Calhoun followed the bug-eyed monster through a huge round door and suddenly the fragile hypothesis he had been so carefully nursing collapsed. Stark reality, far beyond his ability to control, furnished him with new, but unpleasant, answers.

Before, he had not understood why the alien had insisted he don the floor-length robe and the thick face mask. Now, as he gazed out on this hellish landscape he realized he had spent those long and agonizing weeks aboard an alien ship, not on Earth.

Now, many things were clear to him, especially the futility of all the escape plans he had contrived.
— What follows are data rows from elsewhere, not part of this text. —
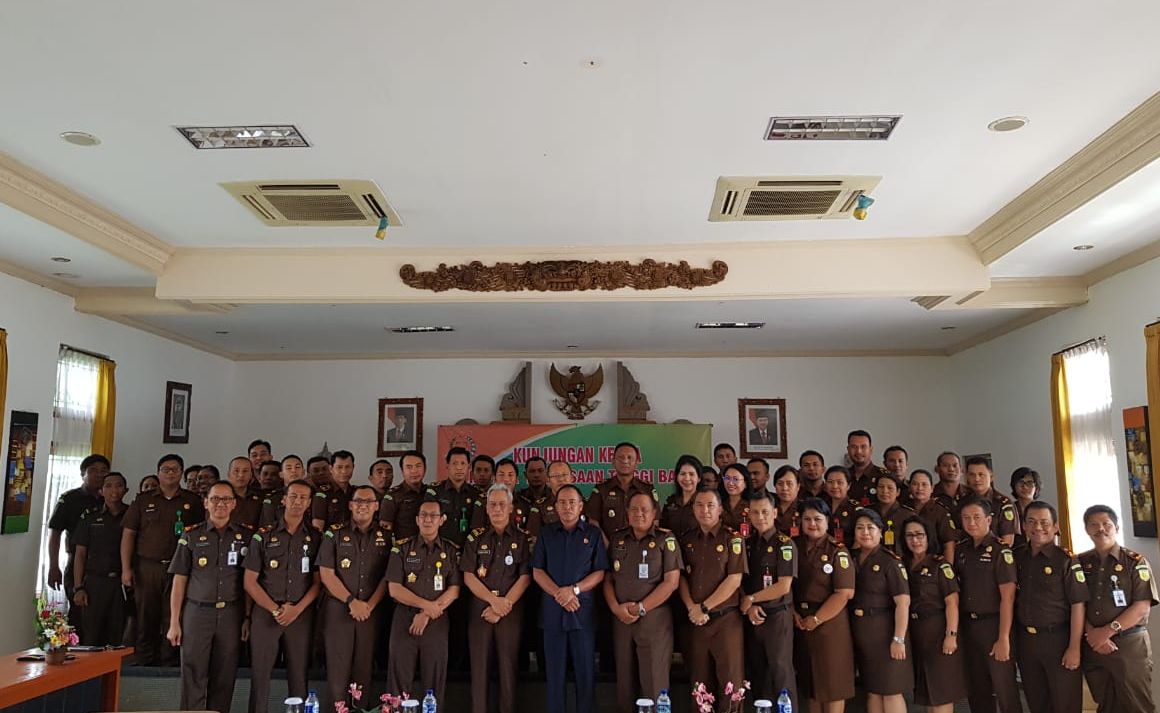 KEPALA KEJAKSAAN TINGGI BALI KUNJUNGI KEJARI GIANYAR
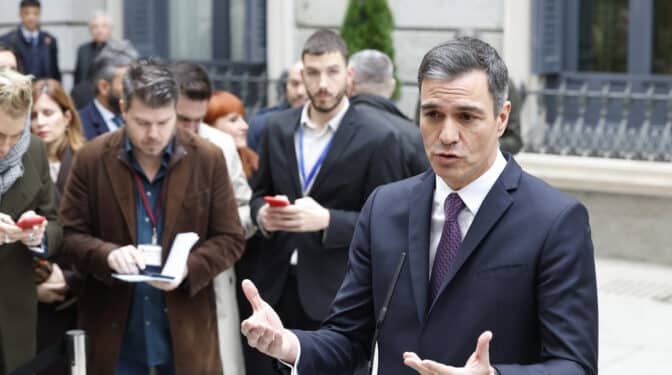 Pedro Sánchez: "Espero que hoy haya una victoria frente a Marruecos y nos den una alegría"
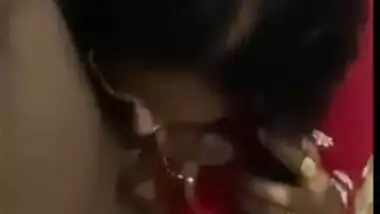 Nasty Desi XXX housewife giving a wet blowjob to her house owner MMS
But the enigma he faced was undiminished. When first he was captured he thought the aliens were simply too busy to torture or kill him and that this was why he had been left alone, paralyzed and miserable, for days at a time.

Later, when hunger and thirst threatened to drive him mad he had begun to believe that was the alien concept of diabolical torture; that they might be secretly watching him suffer. At the time, he struggled to appreciate this supposed cerebral style of sadism, persuading himself that it might be worthwhile trying on some of his own enemies if he got out of this alive. It had struck him as so perverse that it was enviable.

Now he realized it almost certainly hadn’t been deliberate, intentional torture, but only simple ignorance and neglect, by aliens who quite naturally had their own priorities and their own preferred methods of doing things.

Coincidences had deceived him. To Calhoun their expedient pumping of water through his paralyzed lips until he threw up seemed designed only to keep him alive and prolong his agony. When they began force-feeding him those mushy, disgusting, foul-tasting pastes and then turned him loose in a small, doorless cell he reasoned he must so amuse them that they were saving him for some special occasion.

Until he looked “outside” at this surrealistic scene, that might have been something out of Dante’s Inferno, he had believed his travail merely prelude to a main event. He had considered the supposition proven when only minutes ago the cell door had opened and the alien on the other side made a startlingly human-like gesture. Its pudgy index finger curled in a motion for Calhoun to follow it down the corridor. Calhoun was convinced he was walking that last mile.

I still might be, he thought. Now though, he doubted it was imminent. The alien had not seemed to move with any urgency. There was no waiting crowd, there were no guards, and he could see no stadium.

He relaxed a little and gawked around. What amazed him most was that he had been transported here with absolutely no sensation of motion over all these weeks. He knew it had been a long journey because his beard had grown full and bushy.

But leisurely sightseeing apparently did not fit in with the aliens’ plans. For the first time, one of them displayed impatience with Calhoun by prodding him along.

Calhoun did, noting that this alien and all the others he could see no longer wore face masks. There was something different between the human and the alien habitats. Here, Calhoun needed the helmet and cloak and these creatures didn’t, but on Earth it was the other way around. He concluded this world was home to them.

He intended to collect much more information on his surroundings from now on. He was disappointed. The aliens immediately placed him in what turned out to be a conveyance despite its lack of wheels. He was whisked off, to his everlasting disgust, to another cell. He had still not learned his fate.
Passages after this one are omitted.